Raw data:
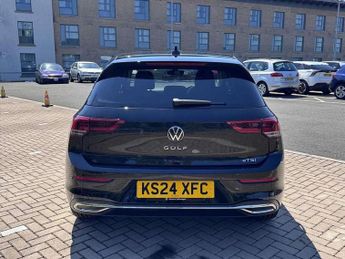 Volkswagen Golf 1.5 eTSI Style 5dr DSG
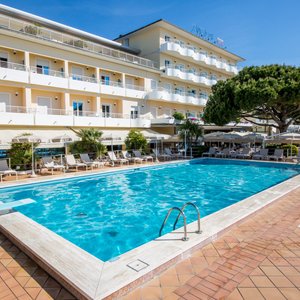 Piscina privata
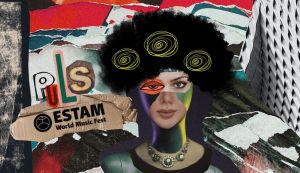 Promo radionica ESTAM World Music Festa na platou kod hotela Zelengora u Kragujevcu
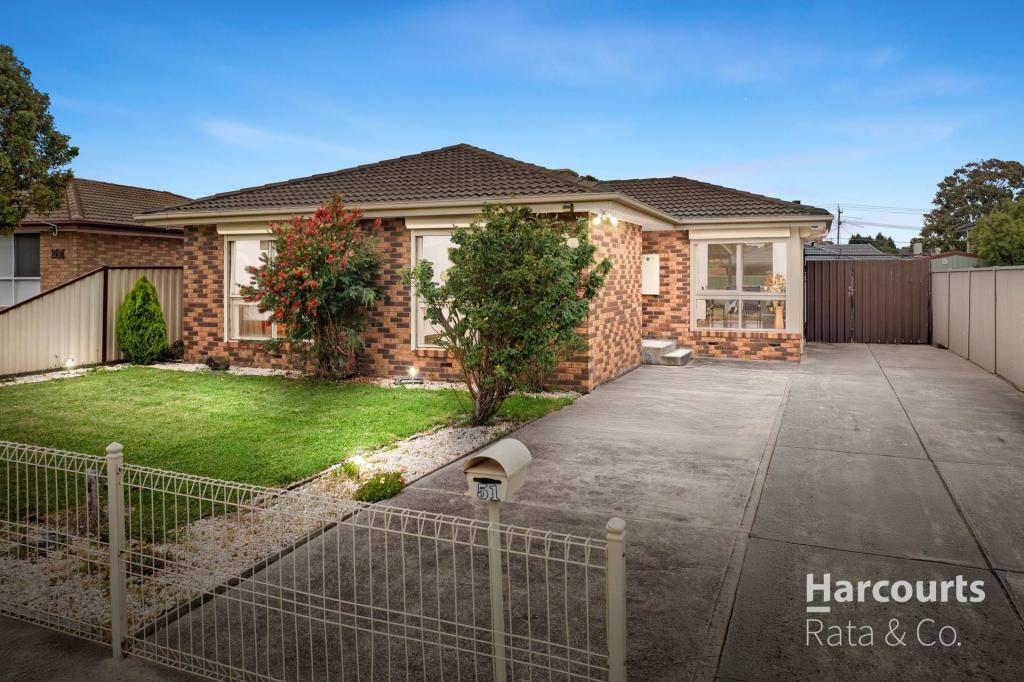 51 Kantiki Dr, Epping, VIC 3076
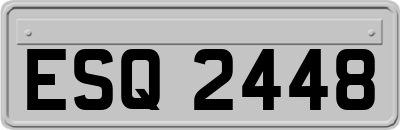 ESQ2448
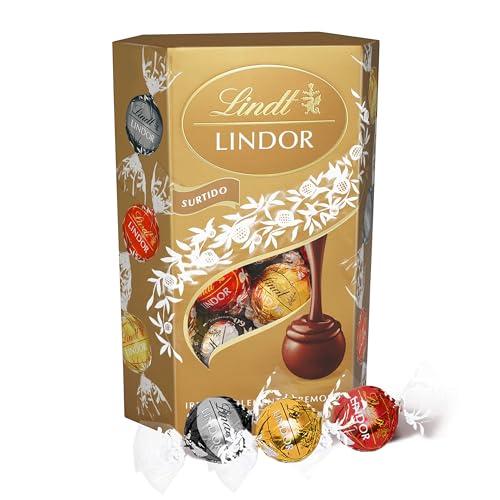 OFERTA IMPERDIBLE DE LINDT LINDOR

---

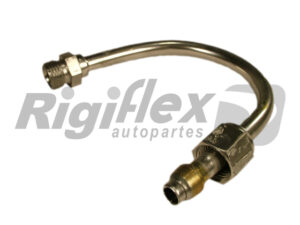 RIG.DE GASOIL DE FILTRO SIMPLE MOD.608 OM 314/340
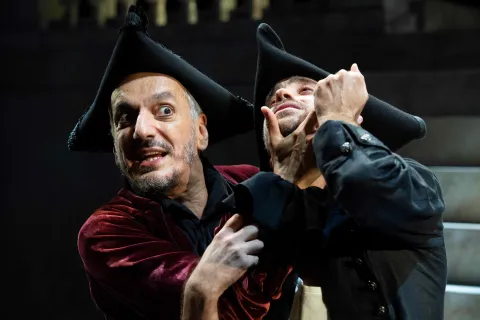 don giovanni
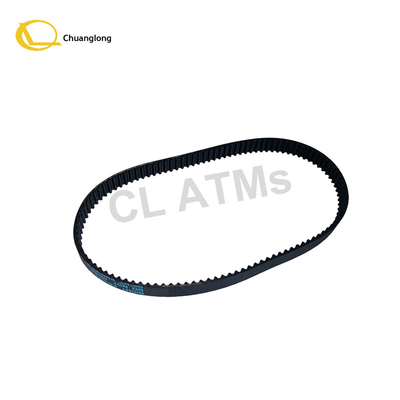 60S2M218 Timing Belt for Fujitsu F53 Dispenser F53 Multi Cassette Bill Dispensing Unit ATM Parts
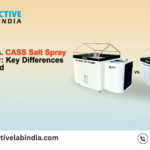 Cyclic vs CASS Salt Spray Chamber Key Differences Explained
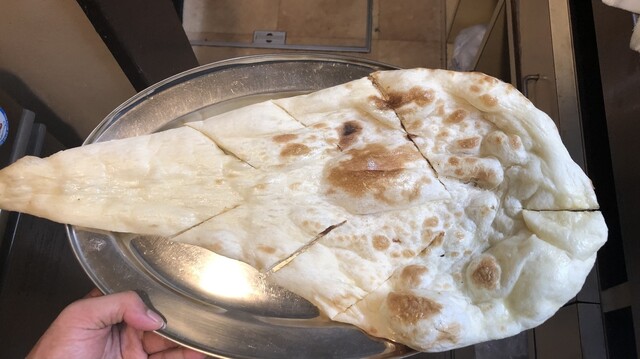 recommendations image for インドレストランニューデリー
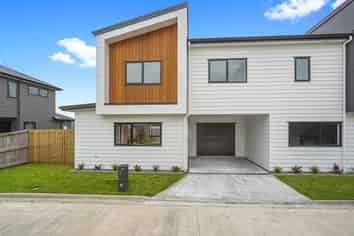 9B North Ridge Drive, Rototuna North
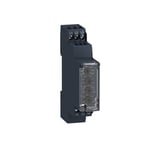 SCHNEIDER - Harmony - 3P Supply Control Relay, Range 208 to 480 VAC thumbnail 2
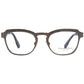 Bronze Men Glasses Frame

---

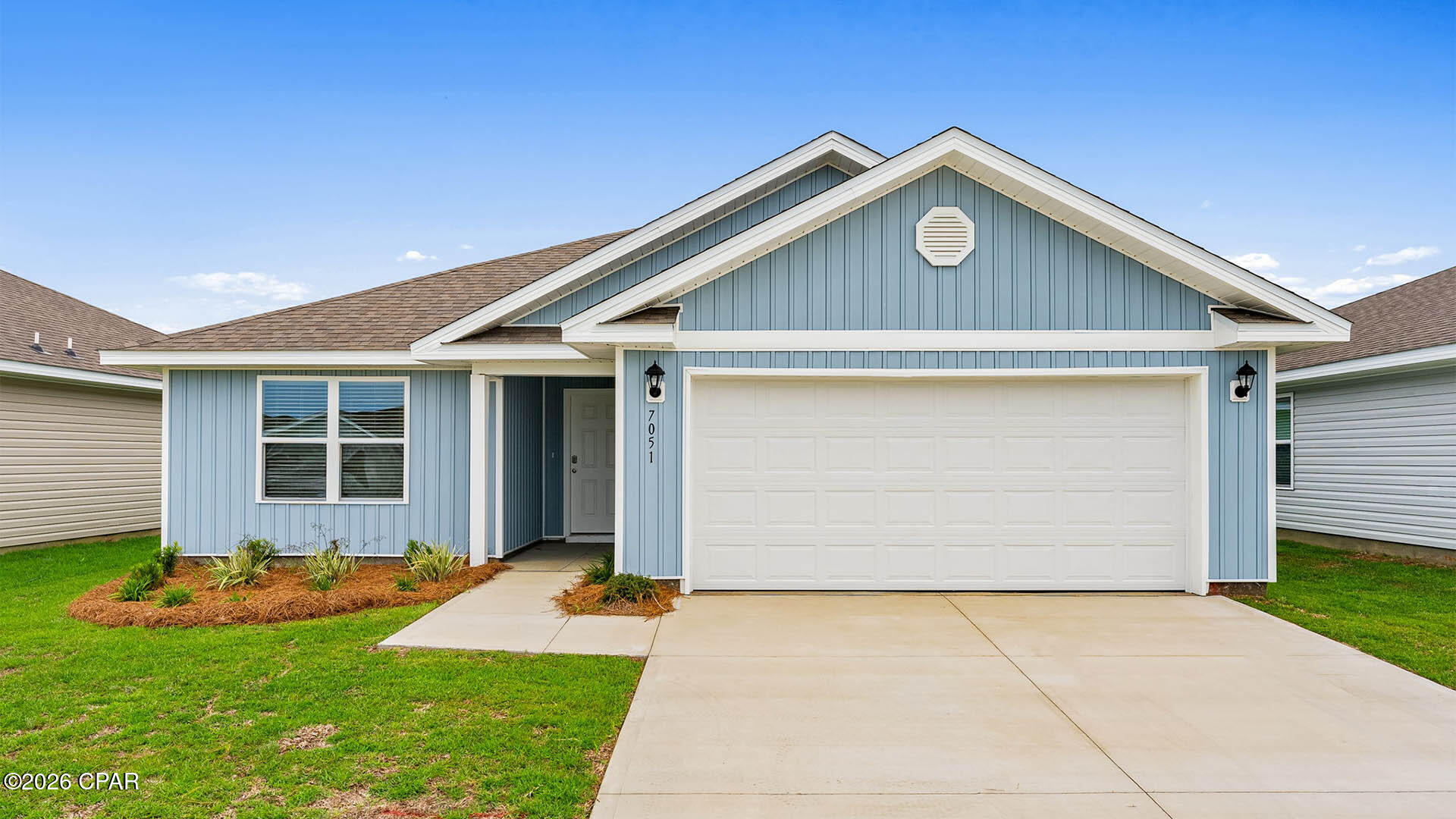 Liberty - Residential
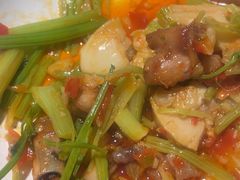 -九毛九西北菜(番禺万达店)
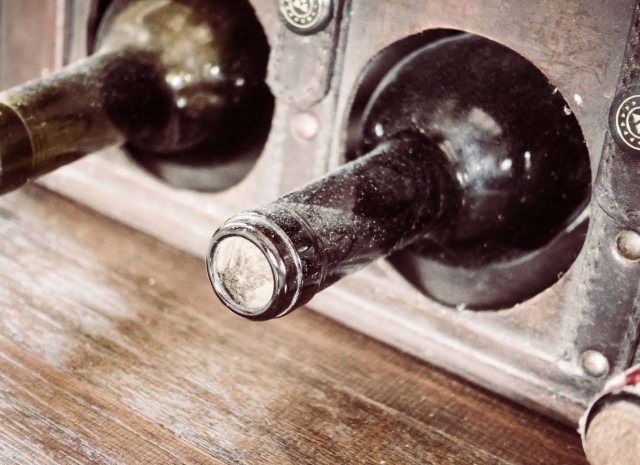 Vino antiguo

Task to complete: Give back exactly, and solely, the section of the data above bounded by the line containing "Piscina privata" and the line containing "OFERTA IMPERDIBLE DE LINDT LINDOR", both bounding lines included and pictures omitted.

Response to the task:
 Piscina privata
 Promo radionica ESTAM World Music Festa na platou kod hotela Zelengora u Kragujevcu
 51 Kantiki Dr, Epping, VIC 3076
 ESQ2448
 OFERTA IMPERDIBLE DE LINDT LINDOR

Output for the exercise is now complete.